Featured this week: Bean & Bulgur Chili ~ ~ Turkey Sausage with Pasta ~ ~ Basil Burgers with Sun Dried Tomato Mayonnaise ~ ~ Yogurt-Marinated Chicken

Andrew asked me to start a new segment of balanced meals but at a lower cost. I know some of you are paying down/off debt while trying to navigate the rising cost of food. I realize that there is not a lot of variety in these menus but the more items I add the higher the bill. I will do my best to keep cost down while continuing with healthy well rounded dinners for your families.

Dinners for the week - About $64.06

**Note**

If the links above are not working the PDF version is below. Simply go to the day of the meal then expand the menu and click on the PDF link. 

Grocery List - Store brand (Metro Detroit)

Prep the week!

prep week

I like to gather my storage containers before I start my prep.  I love the look of the table with all of the containers and as I make progress the containers disappear leaving me with a sense of accomplishment and encouragement to keep going. This picture is an example of one of my prep weeks.

Storage containers needed:

  • 6 cup; 2 large onions, 2 celery ribs, 1 large green pepper
  • 3 cup; onion, green pepper
  • 4 cup; zucchini, onion, green pepper
  • ¼ cup; garlic
  • ¼ cup; carrot

Let’s start chopping!

  • Dice 2 large onions (3 cups) and place in a 6 cup container; set aside.
  • Dice 1 large onion (1.5 cups) and place in a 3 cup container; set aside.
  • Slice 2 onions and place in a 4 cup container; set aside.
  • Thinly slice 2 celery ribs and place in the 6 cup container with onions; set aside.
  • Dice 1 large green pepper and place in the 6 cup container with onions and celery; refrigerate
  • Dice 1 large green pepper and place in the 3 cup container with onions; refrigerate
  • Slice 1 large green pepper and place in a 4 cup container with sliced onions; set aside
  • Slice 1 zucchini and place in a 4 cup container with the sliced onions and green pepper; refrigerate
  • Peel 11 garlic cloves and place in ¼ cup container; refrigerate
  • Shred 1 carrot and place in a ¼ cup container; refrigerate

Tips and Tricks for the weekly meals to go flawlessly!

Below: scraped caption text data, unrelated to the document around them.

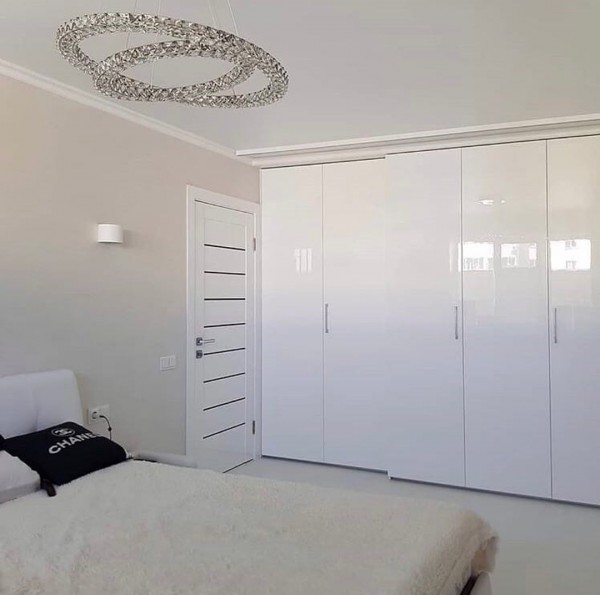 Распашной шкаф в гостиную № 145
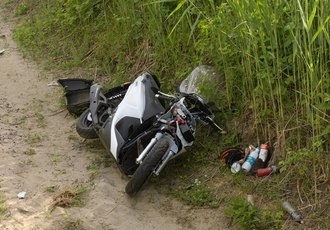 Lo scooter a bordo del quale viaggiavano le due giovani vittime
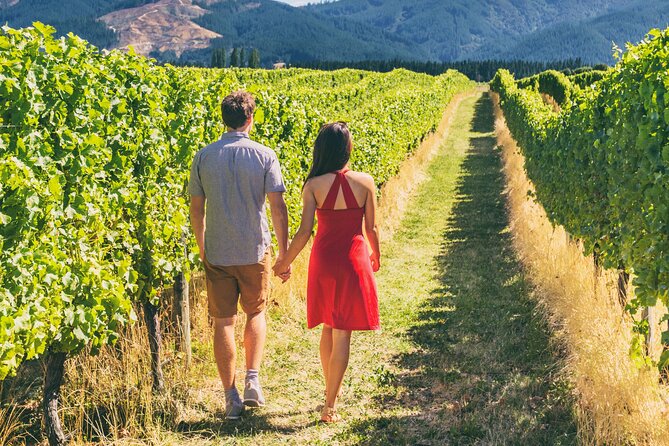 Horseback Riding and Wine Tasting Tour - The 90-minute ride through a Santa Barbara canyon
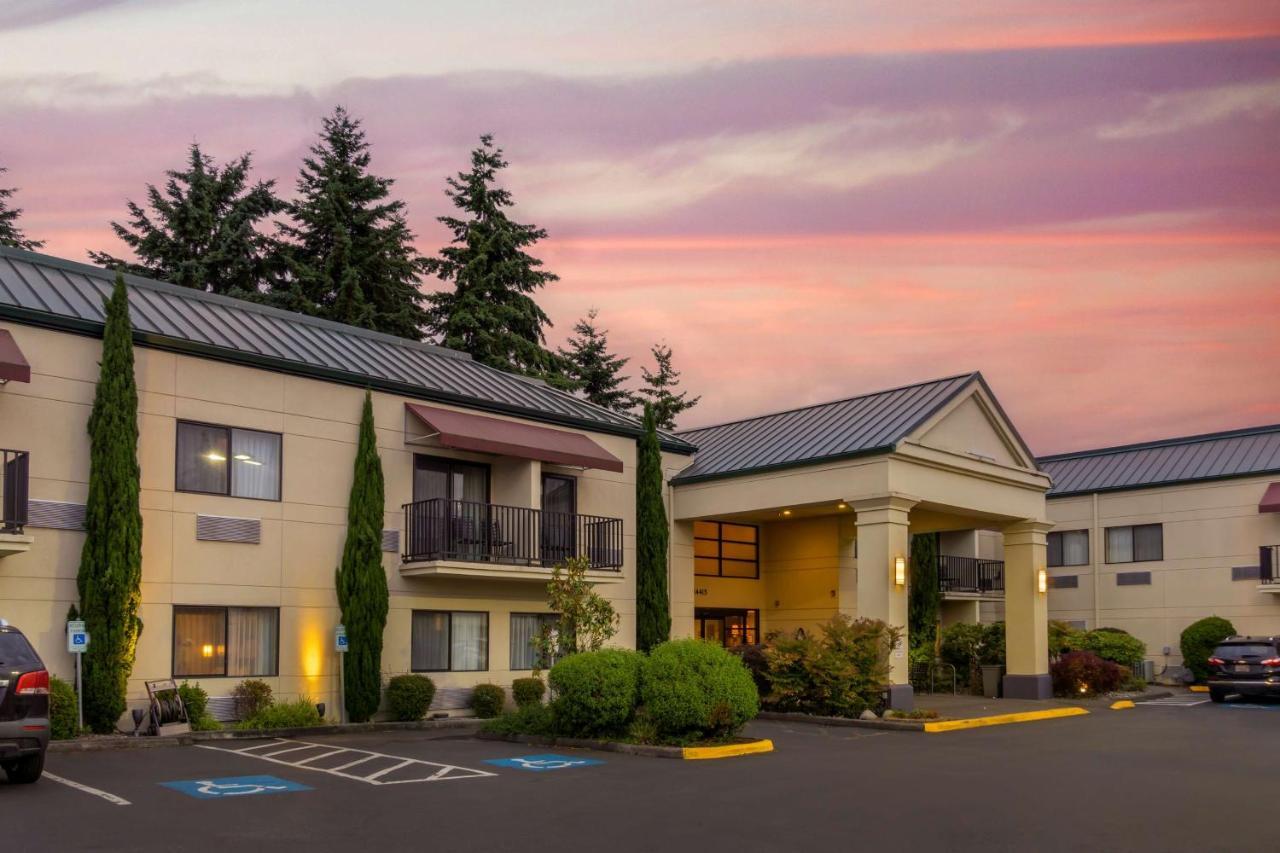 Best Western Plus Plaza By The Green Hotel Kent Exterior photo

         Always start by reading the recipe all the way through then read my tips.  Doing this before you start will help prevent “surprises” along the way. 

If I’ve posted it then I have eaten it and called it good.  Also, I know that the portions should work because I have done it.  No guess work here. Measuring out your portion might be new for you and still leave you hungry after the meal. This is normal and it will take your body time to adjust. Try these tips:

  • Don’t miss your afternoon snack because being ravenous at dinner time will lead to over eating. 
  • Drink 8 ounces of water before you begin your meal and after you end your meal. 
  • Eat a salad or raw vegetables with your meal.
  • Eat a piece of fruit after a meal like an apple, pear, orange, etc. This will subside the hunger and it’s good for you. 
  • Wait 1 hour after your meal and if you are still hungry make some pop corn.  
1 – Dutch Oven: 65 minutes
Recipe Serves: 10           
Portion Size: 1 1/3 cup of chili and crackers
Bean & Bulgur Chili Recipe_ How to Make It
  1. Gather all the ingredients
  2. Prep to cook:
    • Add to a prep bowl:
      • 2 tablespoons chili powder
      • 1 teaspoon dried oregano
      • ½ teaspoon coarsely ground pepper
      • ½ teaspoon ground cumin
      • 1/8 teaspoon ground cinnamon
      • 1/8 teaspoon allspice
    • Measure 1/3 cup tomato paste and place in a small prep bowl
    • Measure 1 cup bulgur; set aside
    • Mince 4 garlic cloves and place in a small prep bowl
  3. Follow the recipe as directed
  4. Serve chili with sour cream & crackers. Enjoy!
**Be sure to set aside 6 servings for Monday and Tuesday night’s dinner.
  1. Warm bean and bulgur chili then serve with sour cream and crackers. Enjoy!
**Be sure to set 2 servings aside for Tuesday night’s dinner.
1 – Pot for pasta and 1 Deep skillet: 30 minutes
Recipe Serves: 6          
Portion Size: 1 cup pasta, 1 cup sauce and salad
Turkey Sausage with Pasta Recipe_ How to Make It
  1. Gather all the ingredients
  2. Prep to cook:
    • Slice 1 ¼ cup of mushrooms and place in a prep bowl
    • Mince 2 garlic cloves and place in a small prep bowl
    • Measure seasonings
      • 1 teaspoon italian seasoning
      • 1 teaspoon chili powder
    • Measure ½ cup mozzarella cheese
  3. Follow the recipe as directed
  4. Serve pasta and sauce with side salad. I like to add a little red pepper flakes to the top for heat. Enjoy!
**Be sure to set aside 4 servings for Wednesday night’s dinner
  1. Warm turkey sausage with pasta and serve with a side salad. Enjoy!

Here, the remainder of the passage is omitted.